REPUBLIKA.CO.ID, JAKARTA-- Pengamat politik Ray Rangkuti mengatakan, masa depan Komisi Pemberantasan Korupsi (KPK) akan suram menyusul revisi Undang-undang Nomor 30 Tahun 2002 tentang KPK. Masa depan KPK, kata dia, hanya menjadi markas kepolisian yang berada di kawasan Kuningan, Jakarta Selatan.
"Yang saya baca dari satu draf revisi dengan draf revisi lain ada kesamaan, yakni soal penyelidikan tidak boleh lagi dilakukan, dan yang melakukan penyelidikan itu lembaga lain di luar KPK. Yang kalau penyelidik mengatakan kasus ini dapat ditingkatkan ke penyidikan baru diserahkan ke KPK untuk dilakukan penyidikan," ujar Ray dalam diskusi di kantor Formappi, Matraman, Jakarta, Jumat (13/9).
Jika desainnya demikian, kata dia, penguatan KPK tidak ada sama sekali. Ray menyebut sebaiknya KPK dibubarkan saja, jika desain kelembagaannya sesuai dengan draf revisi itu.
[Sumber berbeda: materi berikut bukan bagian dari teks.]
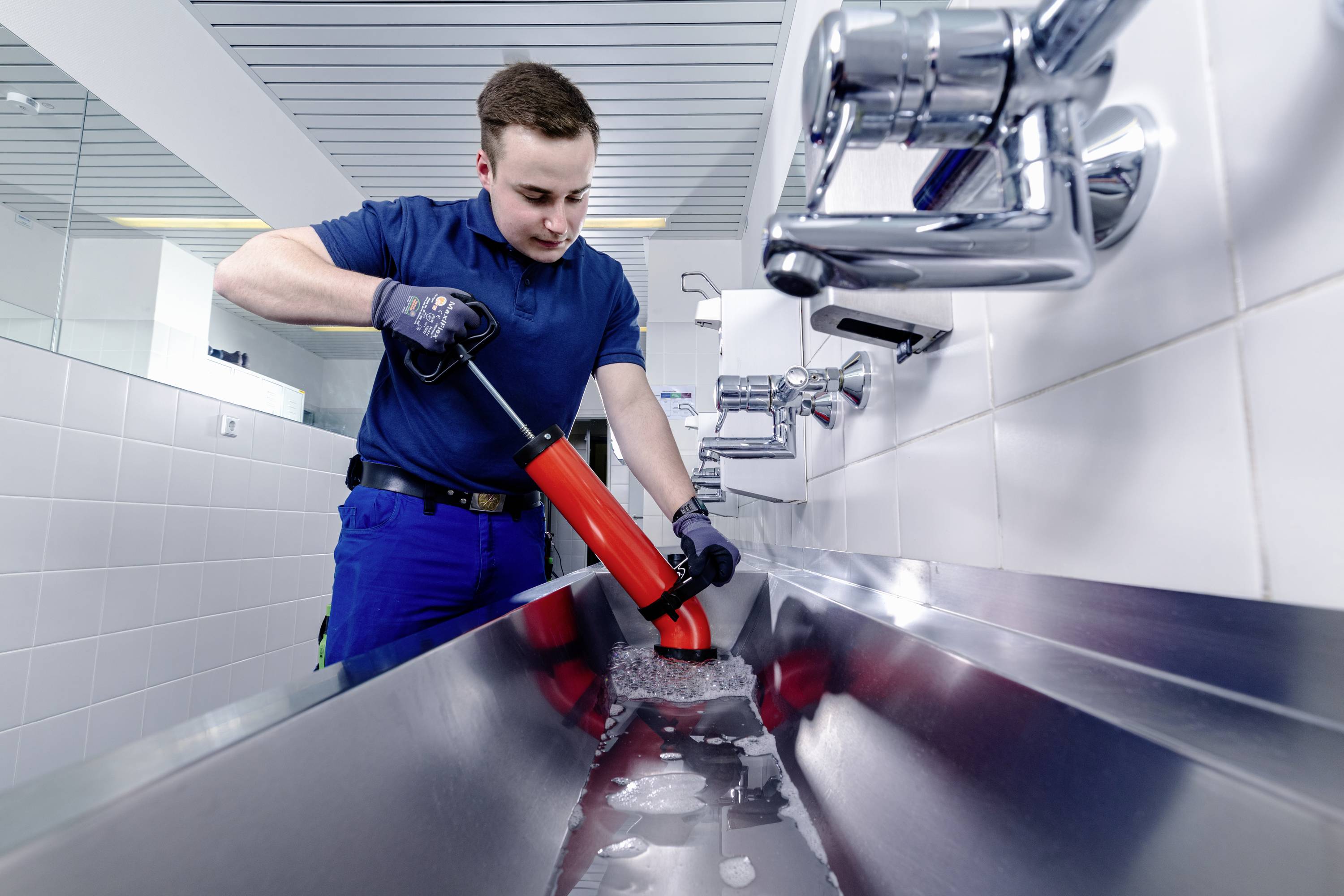 Een loodgieter in een blauwe overall werkt aan een wastafel en gebruikt een ontstoppingsklem om een afvoer schoon te maken.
"Kenapa? Sebab kalau KPK itu desainnya begitu maka lebih tepat disebut sebagai Mabes Polri cabang Kuningan. Kalau penyelidikan tidak bisa dilakukan oleh KPK maka mereka hanya baru bisa melakukan penyidikan. Ya artinya KPK itu tinggal duduk saja tinggal menunggu polisi jika ada kasus dia lihat dia bisa tidak menangani. Kalau tidak, dia lempar ke KPK," kata Ray.
Sebaliknya, jika tidak ada masukan dari kepolisian, KPK tidak akan bekerja. "Ya tidak akan bisa kerja karena kewenangan mereka di tahap penyidikan dihapus. Sebelum penyidikan itu kepolisian. Kalau gini, tidak usah ada KPK karena menghamburkan anggaran. Lebih baik dibubarkan saja KPK jika tugasnya nanti hanya duduk manis saja," katanya.
Sebagaimana diketahui, dalam rancangan revisi UU KPK, penyelidik KPK hanya dibatasi dari anggota kepolisian, sedangkan saat ini hampir seluruh penyelidik KPK adalah hasil rekrutmen lembaga itu. Selain itu, penyidik dalam rancangan revisi UU KPK hanya berasal dari kepolisian, kejaksaan, dan PNS, sementara saat ini lebih dari separuh penyidik di KPK adalah hasil rekrutmen sendiri.